For business owners in industries whose profit – or even viability – relies on filling positions with minimum wage workers, the possibility of a $15 an hour minimum wage is worrisome. Business leaders, or anyone concerned with the impact of a higher minimum wage, should take a look at a recent report by the Congressional Budget Office (CBO). Based on an analysis that examined the impact of a $15 an hour minimum wage, the report is a mixed bag. On the one hand, it found that such an increase would boost incomes, but it also determined that it would result in job cuts.
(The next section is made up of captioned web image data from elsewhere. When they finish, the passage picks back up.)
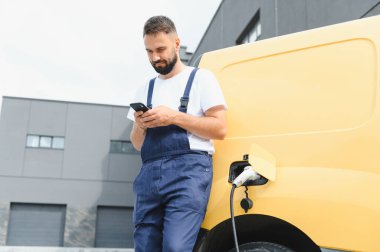 Teslimatçı akıllı telefonu kontrol ederken bir depoda elektrikli minibüsü şarj ediyor, modern teknolojiyi ve sürdürülebilir ulaşımı vurguluyor.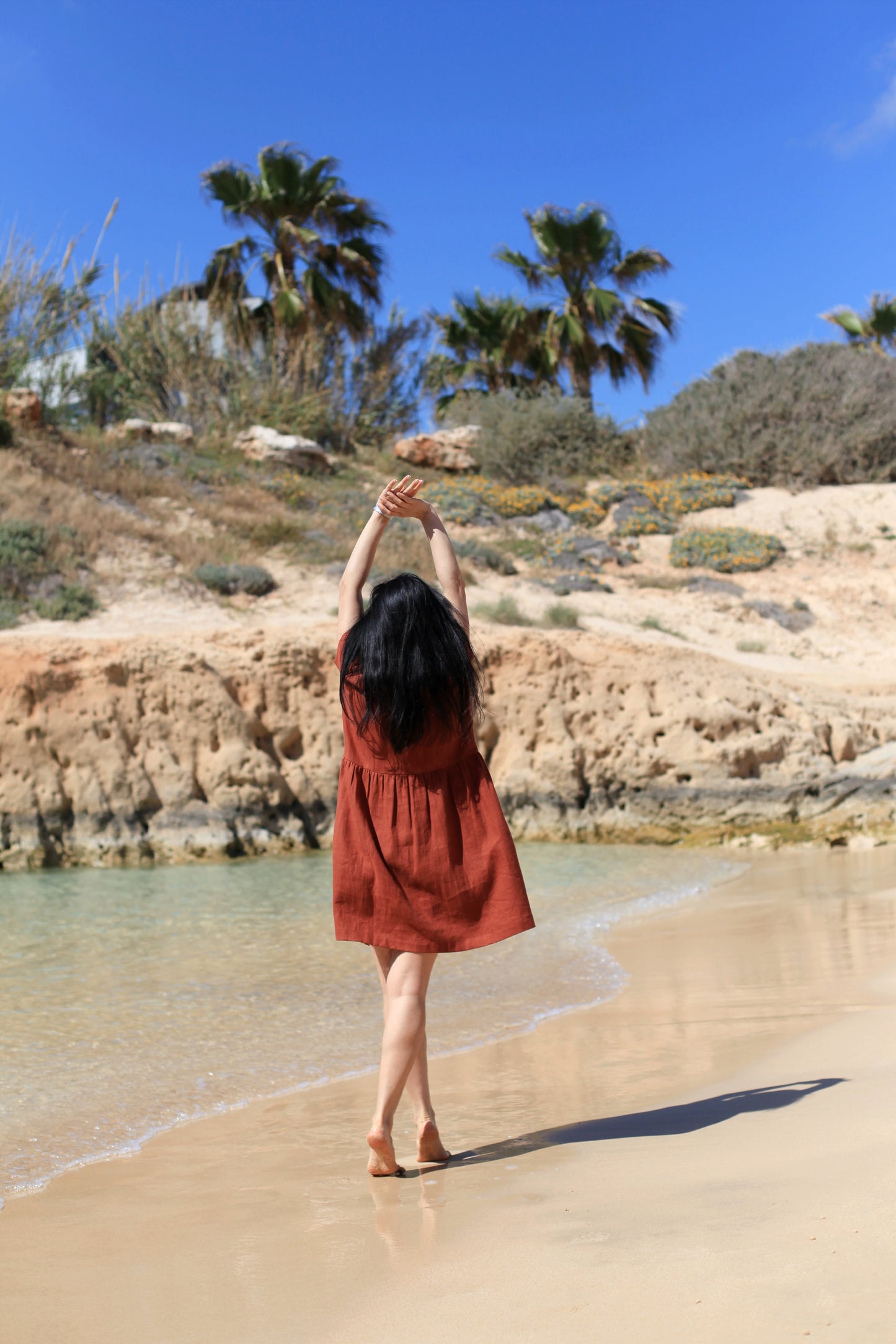 Woman in a red dress standing on a beach with palm trees and rocky cliffs in the background.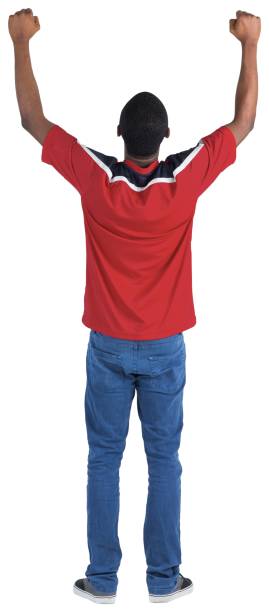 istock Excited handsome football fan cheering 834900490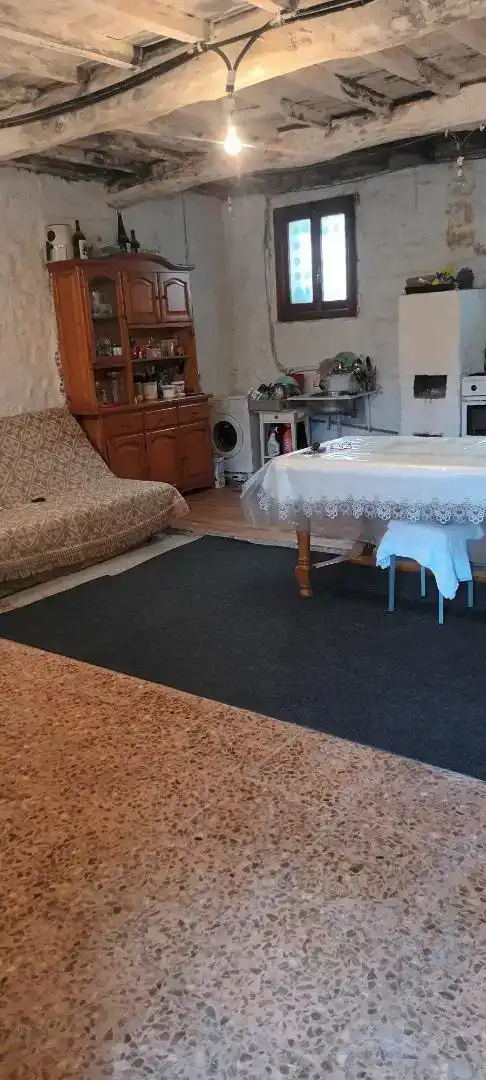 Sala d'estar de Casa adosada en venda en Grado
The report also considered other minimum wage amounts, and other impacts, as well. (To skip straight to the analysis, click here.)
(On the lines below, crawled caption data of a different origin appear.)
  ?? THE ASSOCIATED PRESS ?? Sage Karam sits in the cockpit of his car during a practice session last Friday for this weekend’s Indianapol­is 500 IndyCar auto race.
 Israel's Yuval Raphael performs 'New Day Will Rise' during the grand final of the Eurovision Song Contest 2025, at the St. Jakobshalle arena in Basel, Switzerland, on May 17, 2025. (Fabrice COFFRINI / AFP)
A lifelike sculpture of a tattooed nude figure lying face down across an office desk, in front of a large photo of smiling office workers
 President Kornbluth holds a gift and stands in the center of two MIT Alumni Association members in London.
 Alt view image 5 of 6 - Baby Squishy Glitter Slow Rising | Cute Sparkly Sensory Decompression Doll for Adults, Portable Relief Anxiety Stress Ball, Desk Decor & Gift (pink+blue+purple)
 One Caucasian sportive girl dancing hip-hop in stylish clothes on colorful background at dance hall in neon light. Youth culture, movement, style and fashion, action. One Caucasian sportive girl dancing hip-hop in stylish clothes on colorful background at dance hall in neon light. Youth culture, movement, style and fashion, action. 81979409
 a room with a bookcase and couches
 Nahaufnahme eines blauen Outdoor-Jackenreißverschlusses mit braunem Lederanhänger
This analysis was performed to determine the projected impact of the Raise the Wage Act, legislation scheduled for a vote in the House of Representatives this month that would phase in a $15-an-hour wage by 2024. The federal minimum wage of $7.25 per hour has not changed since 2009, though many states, cities and counties have set their minimum wages higher.
The analysis noted that it did not consider any impacts other than employment and family income, excluding criteria ranging from social outcomes (crime) and health outcomes (depression, suicide, and obesity), as well as education outcomes like school completion and job training. Furthermore, its analysis did not calculate the impact that higher wages might have on family spending.
Nevertheless, the analysis is interesting for business owners to review. Understanding that a $15 minimum wage would result in a hardship for many business owners, Marathon will be monitoring the situation. We will report back if we learn of any further analyses being conducted.